The vibes here are decidedly less noisy than some of the practice space / small run issues that have been bleeding out of the Burn lately. Possibly closest in scope to their Burnieleaks 3 CD-r from a while back, the band is screwed down into some tighter woven webs of psych-folk and German Progressive psych. They’re picking up plenty of Duul nods and picking at the more capital P – Prog leanings of the great Swedish Silence label. What’s nice is the restraint here. The band doesn’t go as far out as they can and it gives this one a layer of polish that can sometimes get lost in the onslaught of releases. That’s not to say that this is a buttoned-down skimmer – It is still a Sunburned Hand of the Man release, after all.

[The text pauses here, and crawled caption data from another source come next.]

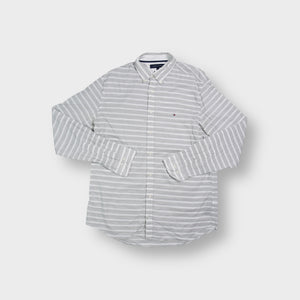 Tommy Hilfiger Shirt | L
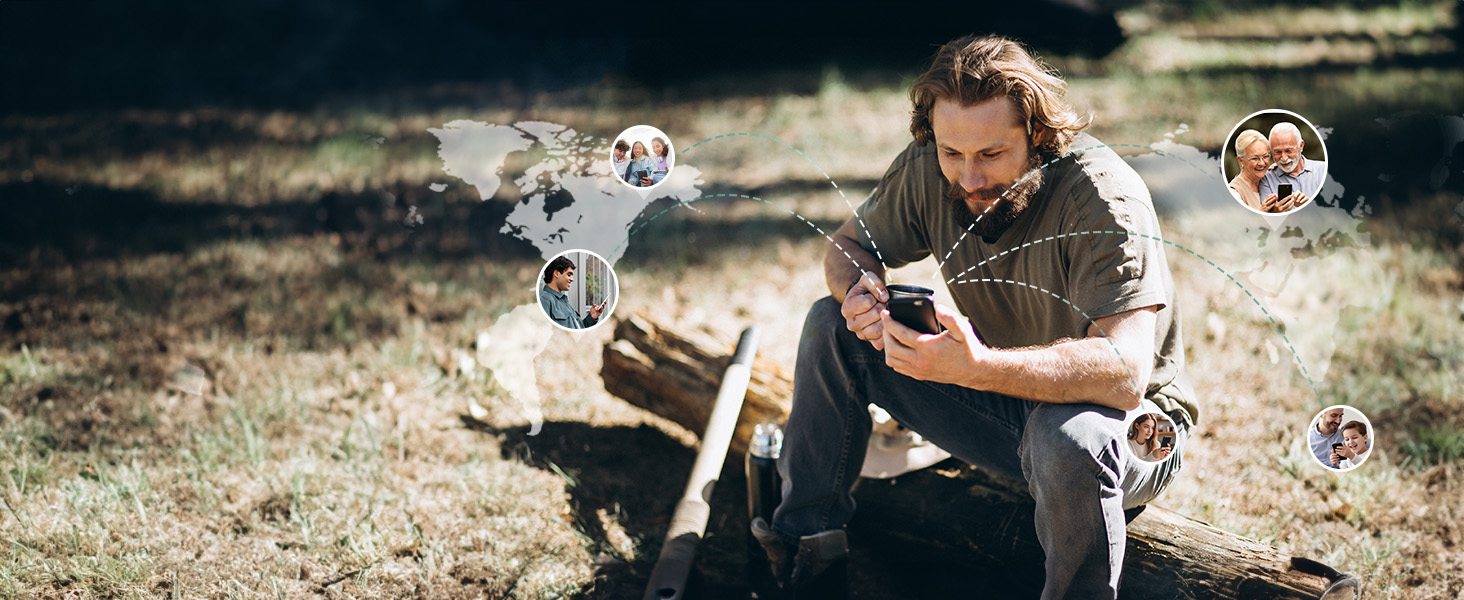 trail camera sends picture to cell phone,cell cameras for hunting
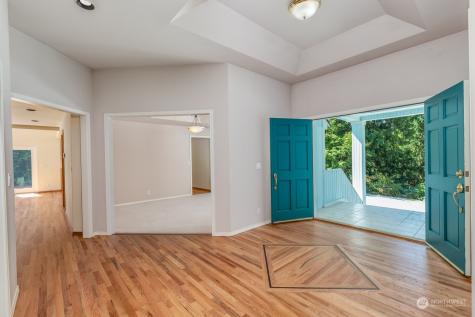 20402 181st Place SE Monroe WA 98272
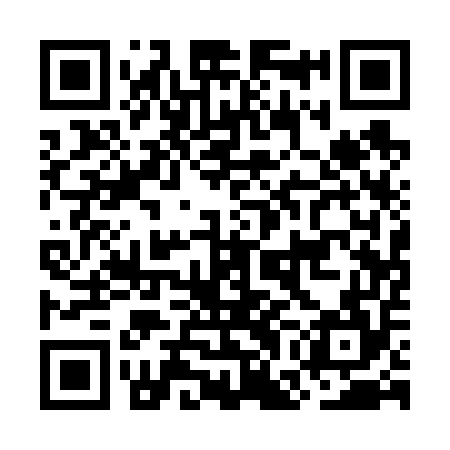 QR code for OGA654
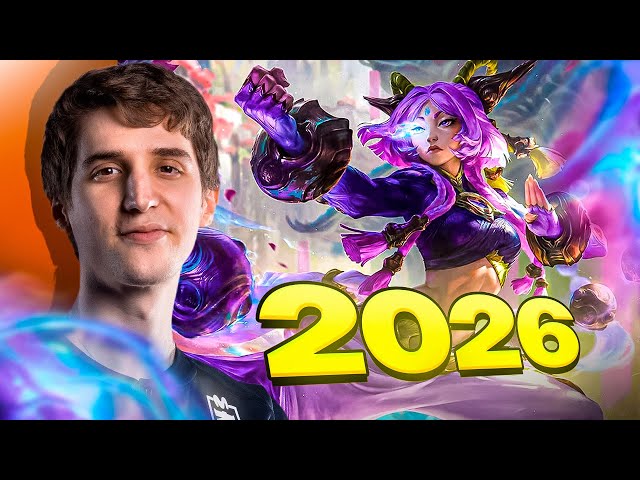 EMPEZANDO EL AÑO CON UN 1VS9😈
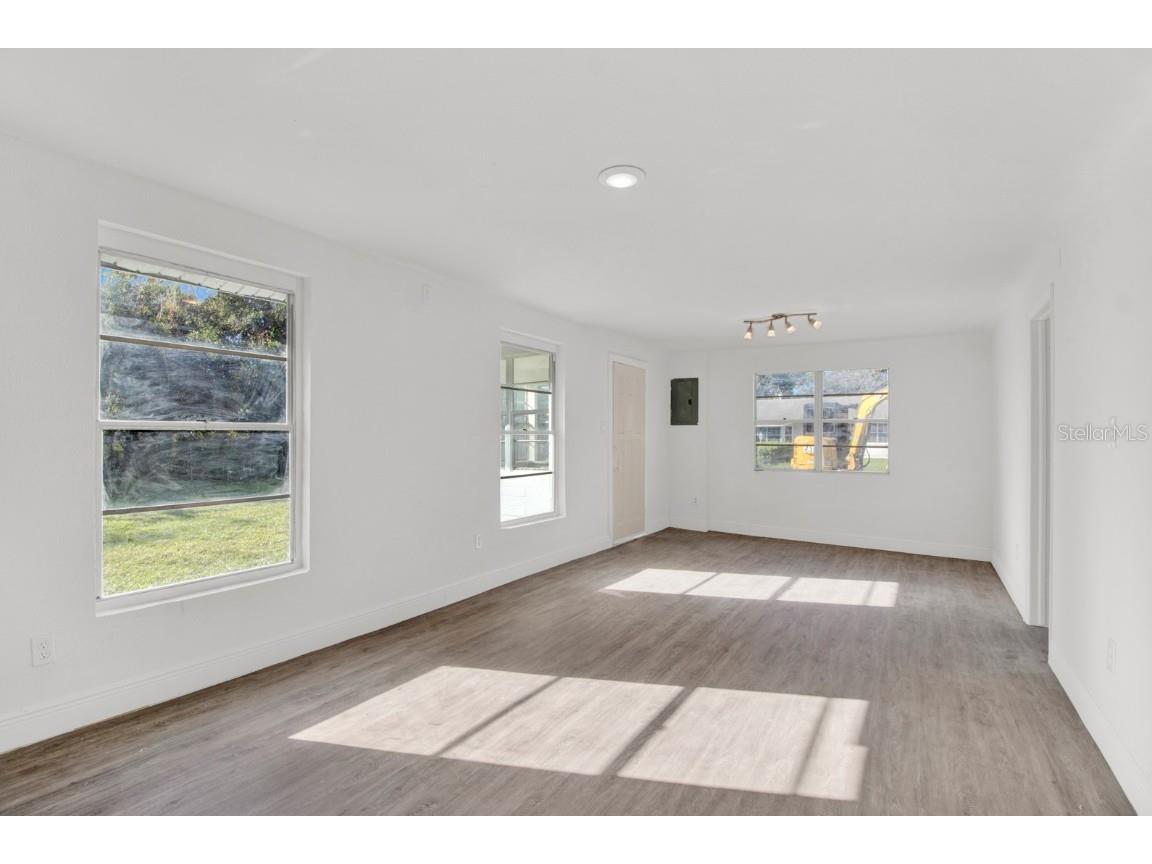 841 Vernon Street Daytona Beach FL 32114 O6358623 image13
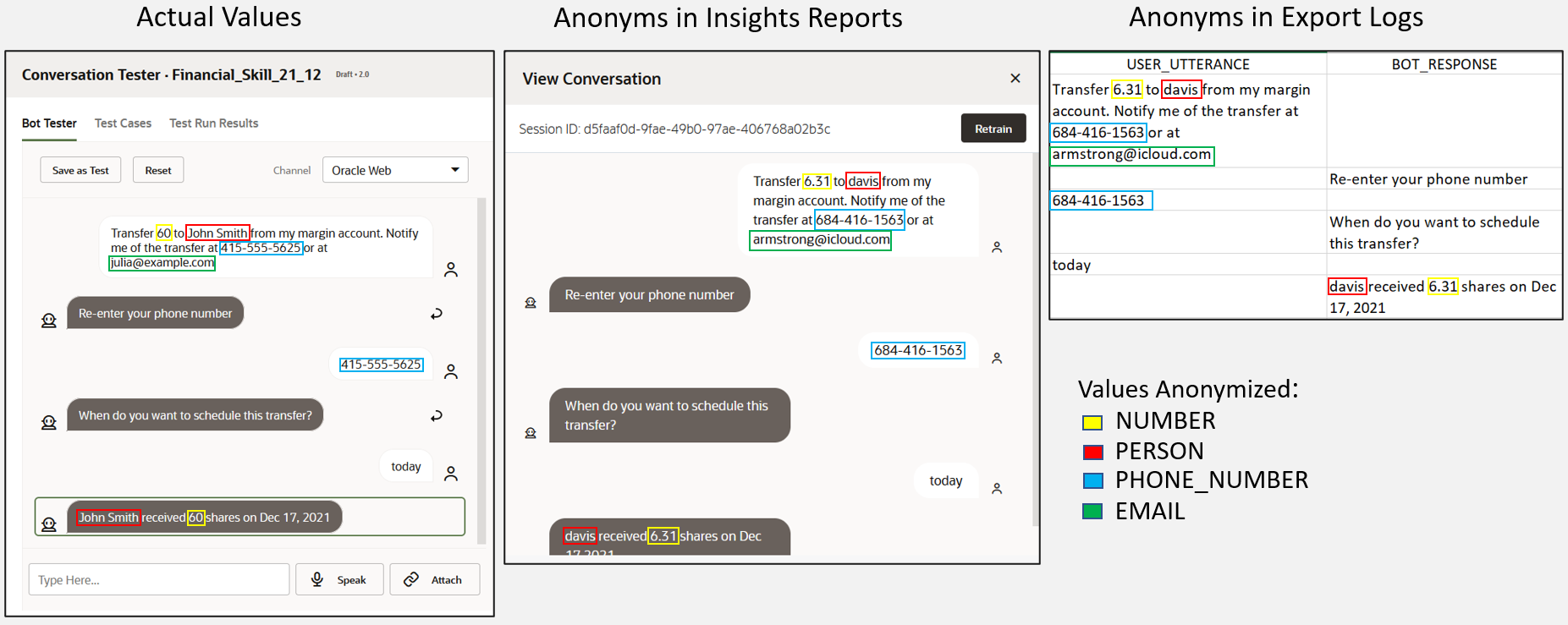 Description of anonyms_in_client_ui_logs.png follows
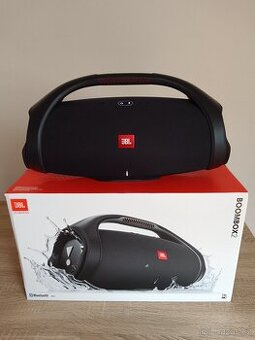 Prodám JBL Boombox 2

They open the beast up with a smooth shot of sunset psych-folk, acoustic strums pulling at the ennui centers of the heart. On standout, “The Great Hope,” the band trades a grooverider rhythm with space-slicked synth spears and burnt-ends guitar scorch. They follow it with a “Coffee & Cheese” which sounds like an instrumental breakdown in a ’70-71 Groundhogs live set, on the edge of breaking into “Rich Man, Poor Man” at any moment. They blow further into spaced synths territory elsewhere, hanging some cosmic clouds on the set that pair nicely with the downed-sun guitar runs. “Agitation Cycle” might be as far out as the band swing here, but there’s still a kite-string pulling the band away from the paper shredder noise brigade they can get mixed up with on a typical moment’s notice. The set slides away on the loping grooves of the disorienting “Framework” and it clocks in as one of their best in a quite a while. Highly recommended!